Scientists’ attempts to peer into Venus’ atmosphere have long been hampered by a thick haze enshrouding the planet. But the spacecraft’s infrared and visible cameras were able to capture two slices of the atmosphere at 34 miles and 40 miles above the surface.
“We have been able to see the top 1 percent of the atmosphere,” said Kevin Baines, a planetary scientist based at the National Aeronautics and Space Administration’s Jet Propulsion Laboratory in Pasadena, Calif., and a co-investigator of the mission. “With these (cameras), we see the rest of the 99 percent.”
“People thought Venus was a boring thing to look at,” he added. “It looks like a ping-pong ball with just white clouds. But these show there really is some structure.”
The probe’s first pictures were taken from a distance of about 128,000 miles. In the next few weeks, it will gradually circle into its final orbit, 155 miles above the planet’s north pole.

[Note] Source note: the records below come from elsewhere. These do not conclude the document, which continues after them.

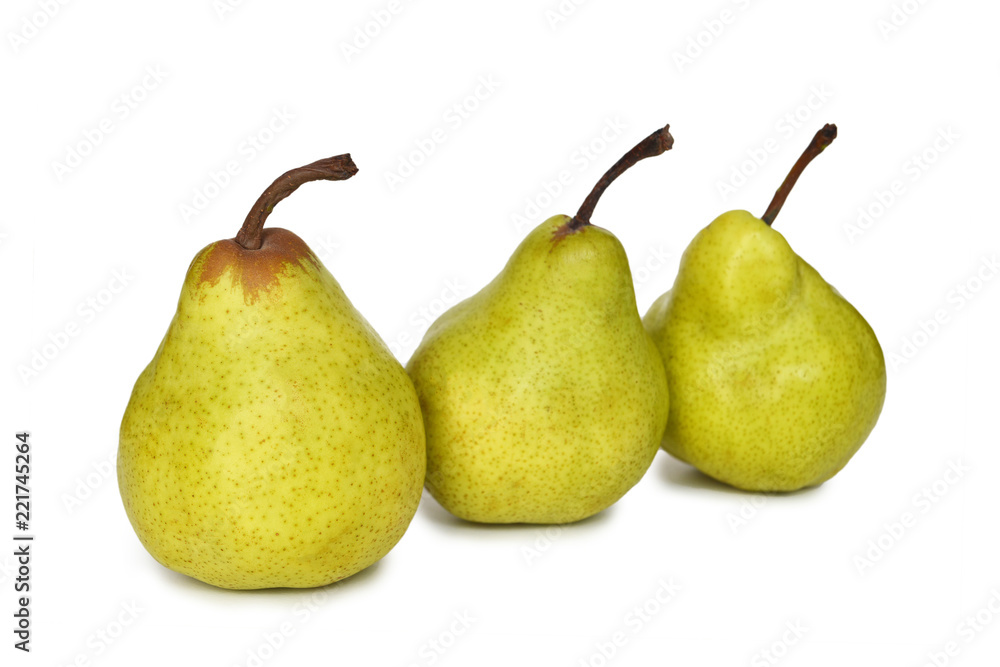 Pears isolated on white background Pears isolated on white background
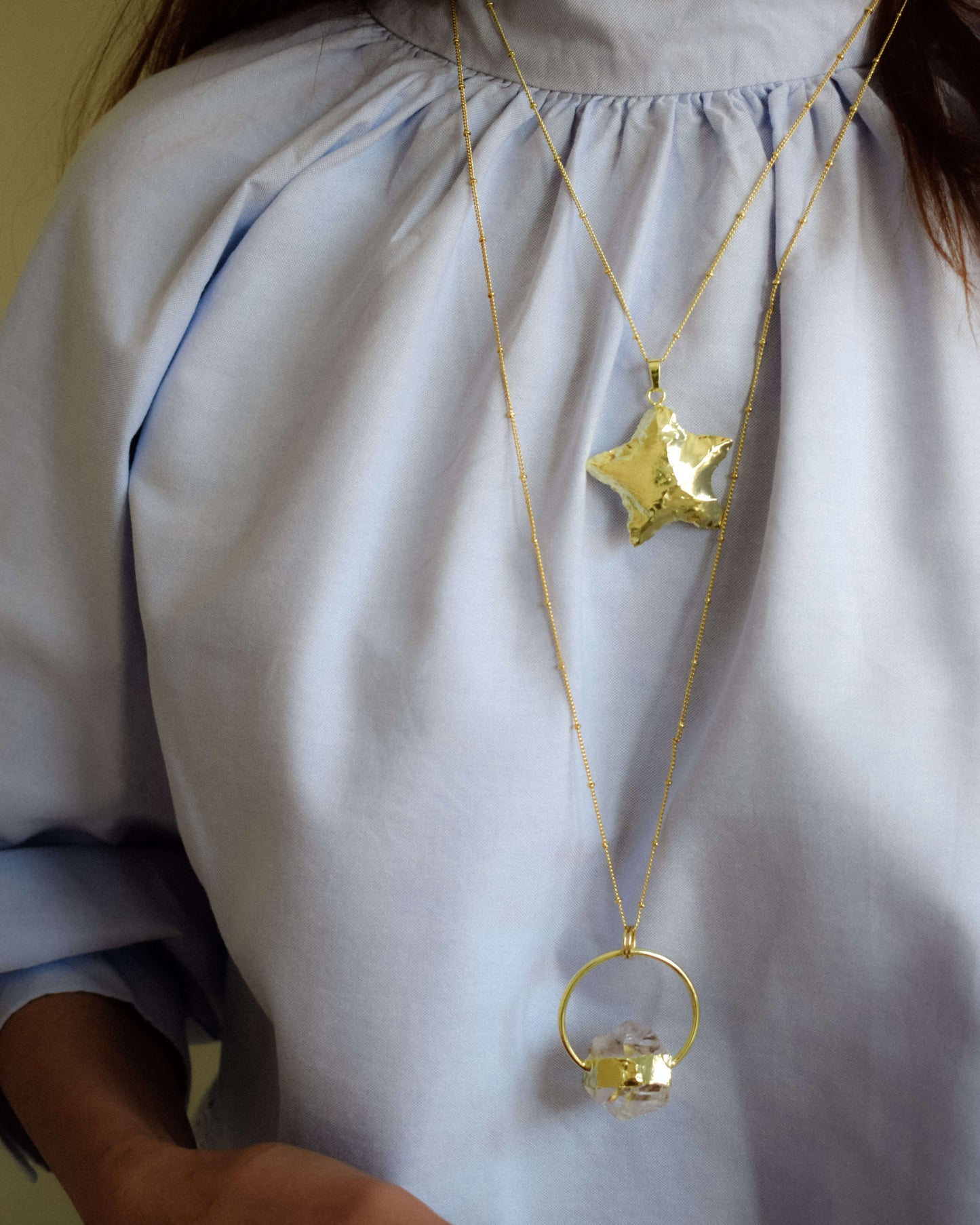 Pandant stea aurie Love and Stars Jewels
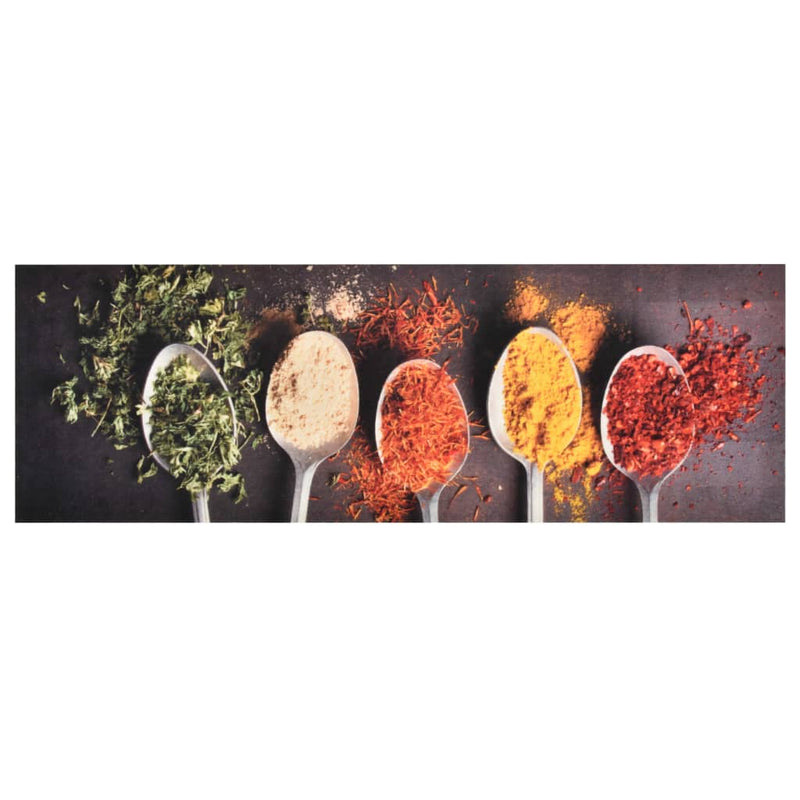 Load image into Gallery viewer, Vidaxl keukenmat wasbaar spoons 60x180 cm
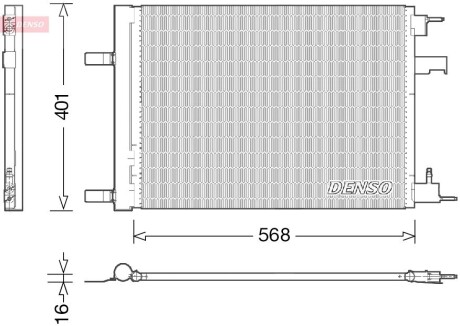 Конденсатор, кондиционер DENSO DCN20008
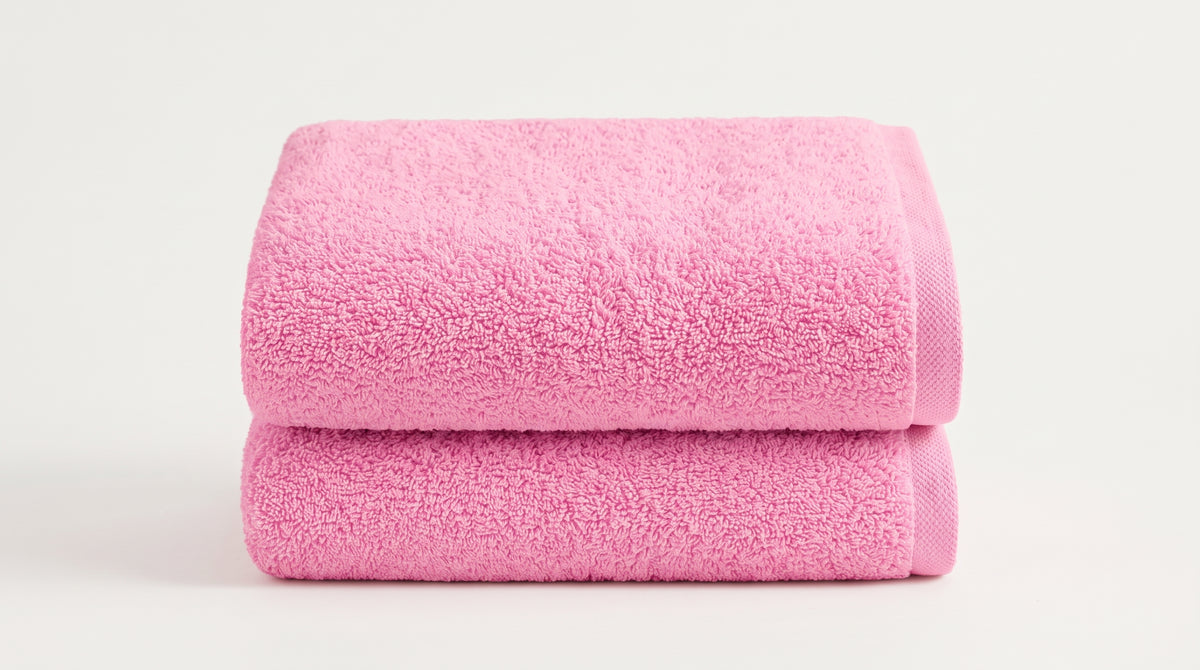 Flamingo Pink Premium Hand Towel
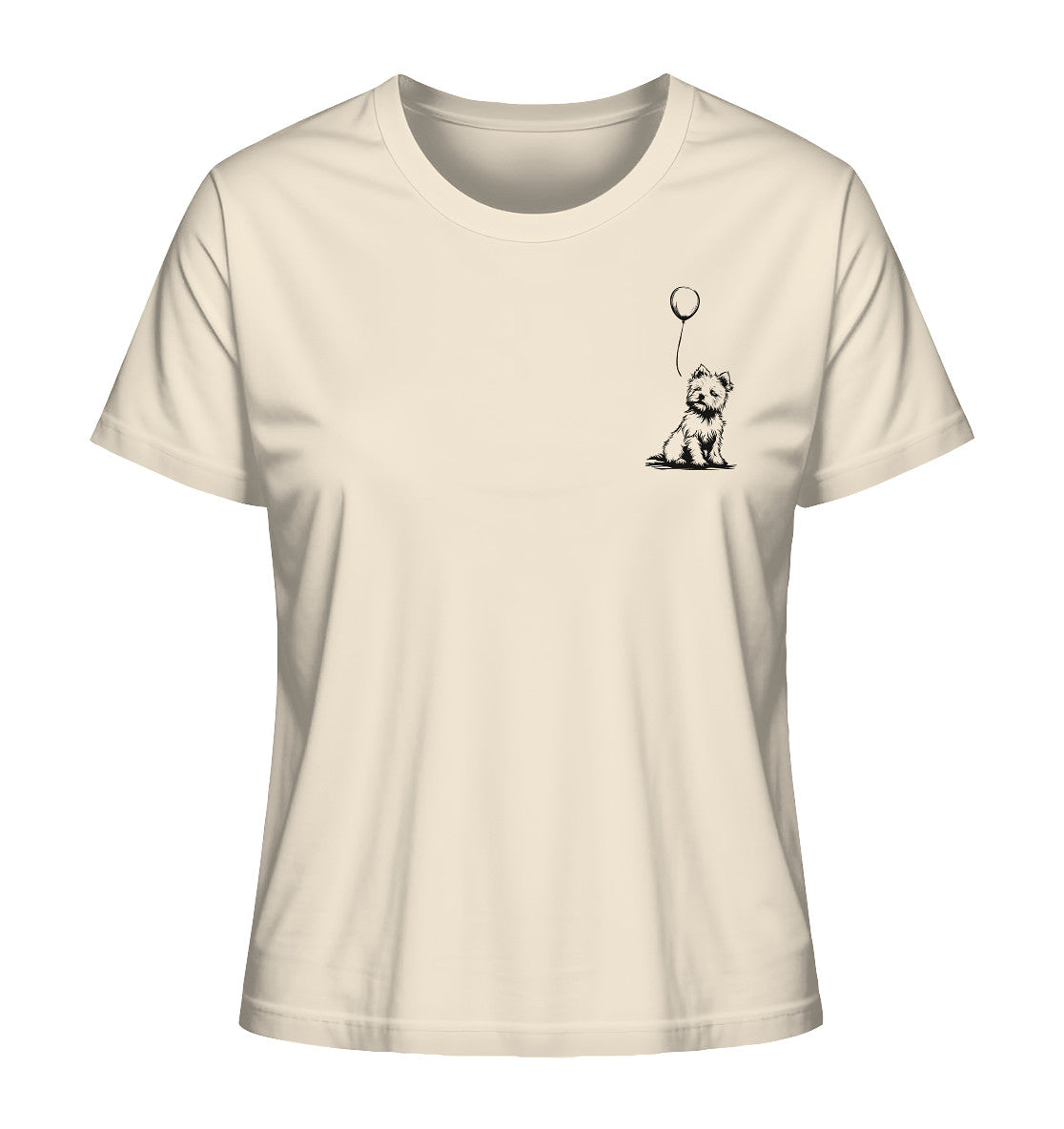 Ballon West Highland White Terrier - Ladies Organic Shirt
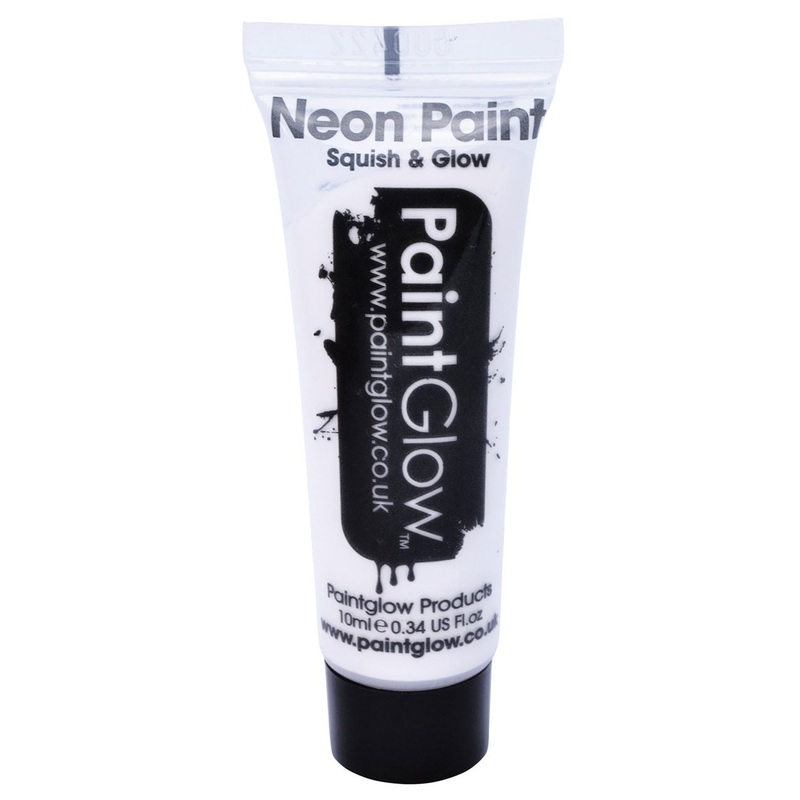 White UV neon body paint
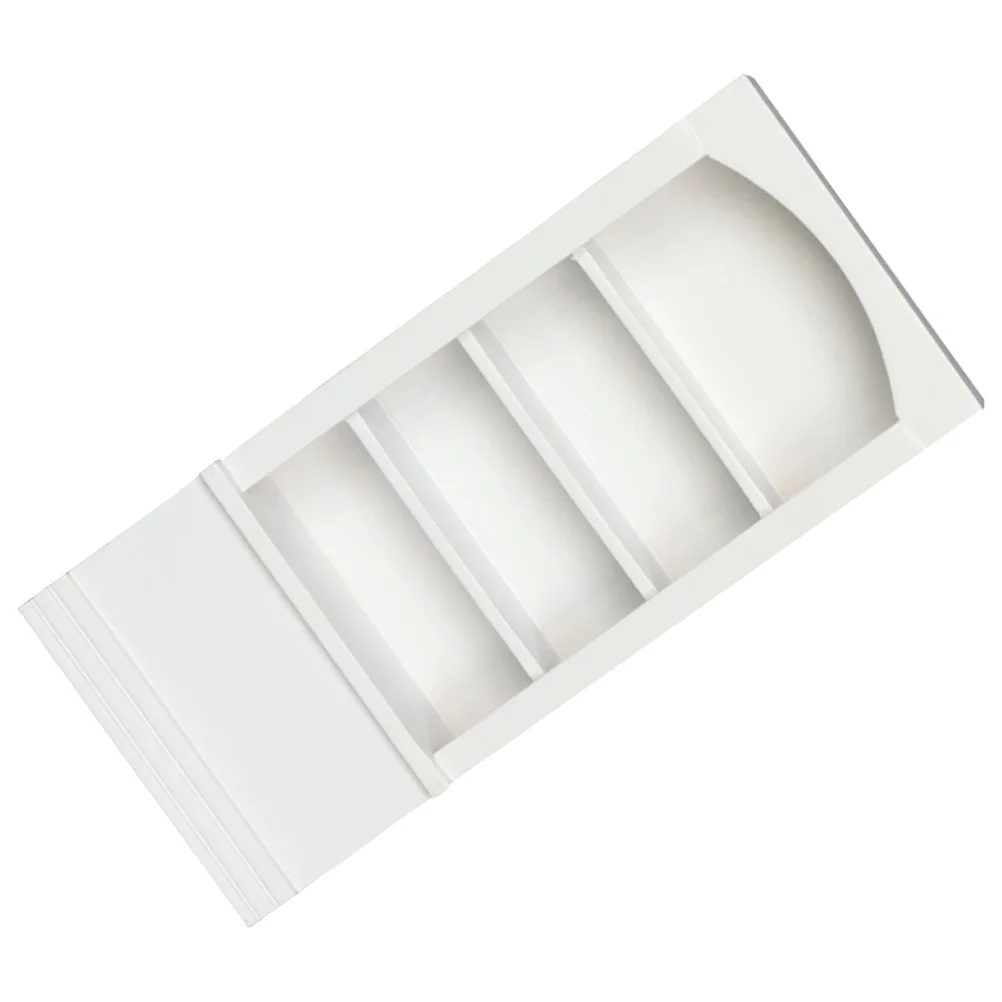 Mini witte boekenplank huis vitrinekast houten lichtgewicht klein huis decor voor fotografie miniatuur meubilair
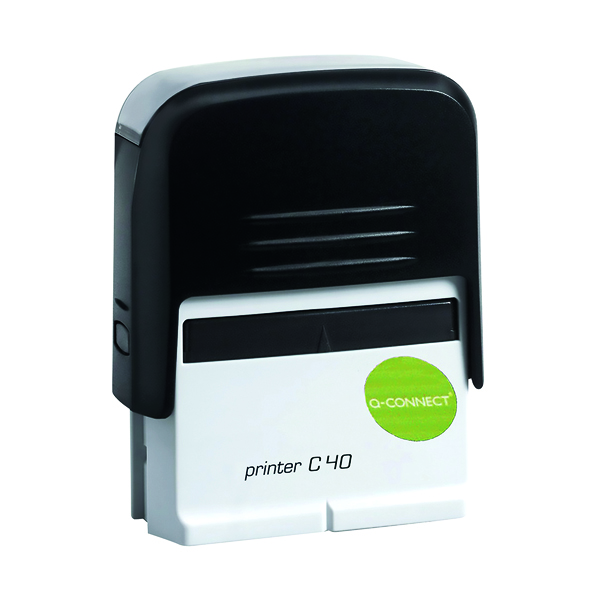 Q-Connect Voucher for Custom Self-Inking Stamp 57x20mm KF02112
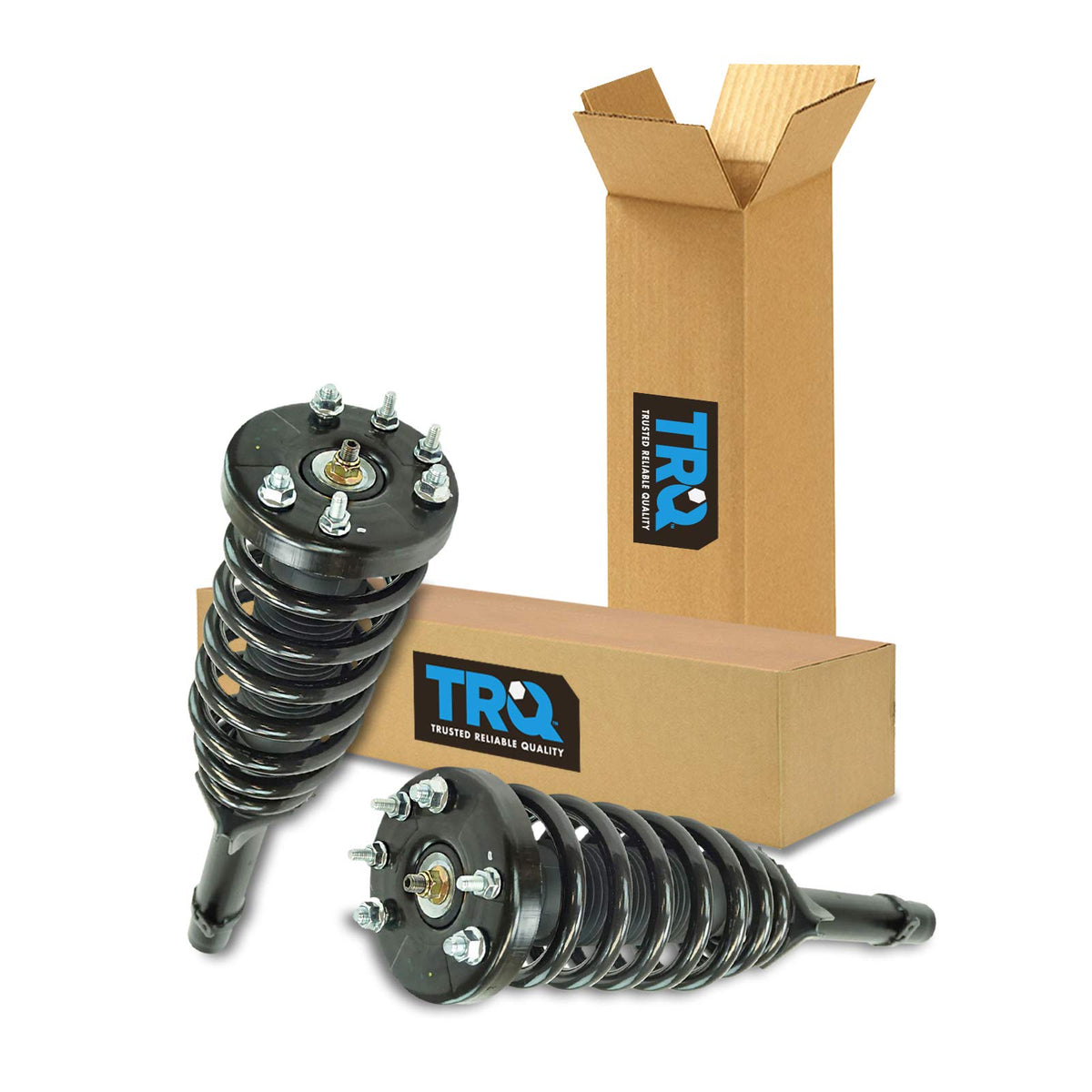 Trq Front Strut & Coil Spring Assembly Set Driver & Passenger Sides Compatible With 10-11 Honda Accord Crosstour 12 Crosstour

There have been about 20 Russian and U.S. missions to Venus since 1962, but they have provided only snapshots of the planet’s atmosphere. Some of the probes managed to make it to the surface, but were able to transmit information for only about an hour before they were destroyed, Baines said.
Venus Express, launched in November, will allow scientists to study the planet for at least 16 months and provide the first chance to build a three-dimensional model of its atmosphere.
Venus, the second planet from the sun, and Earth, the third, share similar ages, masses and surface composition. But Venus developed a far denser atmosphere. It has a surface temperature of about 900 degrees Fahrenheit and an atmospheric pressure 90 times that of Earth.
“Venus is extremely inhospitable for life, whereas Earth is a great place to live,” project manager Don McCoy said. “If these planets were created about the same time, why would Earth take on such a different character?”